Massachusetts Senator Elizabeth Warren is running a presidential campaign unlike any we’ve seen before, and our media have no idea how to handle it. It’s a campaign not merely of ideas but of detailed policy proposals dealing with a host of ills that other politicians have ignored or tried to wish away. Yet The Washington Post compared her plans to the silly “booklet of policy ideas” issued by Jeb Bush before he flamed out in the 2016 Republican presidential race. Politico, for some reason, thought it worthwhile to get Steve Bannon’s views. (“You’re not going to beat Trump with policies,” Bannon said.) And New York Times columnist Bret Stephens actually called this meticulously prepared and intellectually challenging thinker a “Trumpian of the Left.”
In reality, her proposals address many of the phenomena undermining the nation’s republican values and commitment to equal opportunity. All appear to be based on consultations with progressive activists cognizant of the politics, as well as policy experts hip to the technical complexities. Without exception, her plans are bold, and in many cases they’re truly visionary. As with her call for Trump’s impeachment, made after she read Robert Mueller’s report from cover to cover, their successful implementation would require a sea change in the way politics is conducted in this country. But unlike every other candidate in the race—or in recent US history—Warren is providing a detailed road map for where she wants to take the country. With plans like her proposal to eliminate most college debt, she is revealing the values and commitments that she hopes will take the United States to what Robert Kennedy called “a newer world.”
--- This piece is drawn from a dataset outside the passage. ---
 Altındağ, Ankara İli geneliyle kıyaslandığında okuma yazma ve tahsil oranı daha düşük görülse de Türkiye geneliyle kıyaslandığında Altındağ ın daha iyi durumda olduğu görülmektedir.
I am competent to judge the efficacy of just a handful of her plans. And with our sclerotic political system and the influence that the super-rich enjoy in it, I have my doubts about one day seeing, say, a 2 percent wealth tax on households with a net worth of $50 million to $1 billion and an additional 1 percent tax on net worth above $1 billion. I don’t know how you reduce the Pentagon’s budget when its spending is spread across so many congressional districts and when so many defense contractors put money in the pockets of so many members of Congress. And I’d be amazed to see those members forbid themselves to own stocks or exploit lobbying opportunities after they leave office. But is Warren’s proposal for the federal manufacture of generic drugs the right one? Is her plan for postal banking ideal, given all the options? I couldn’t say. My guess, though, is that they are. She gives every evidence of having done her homework.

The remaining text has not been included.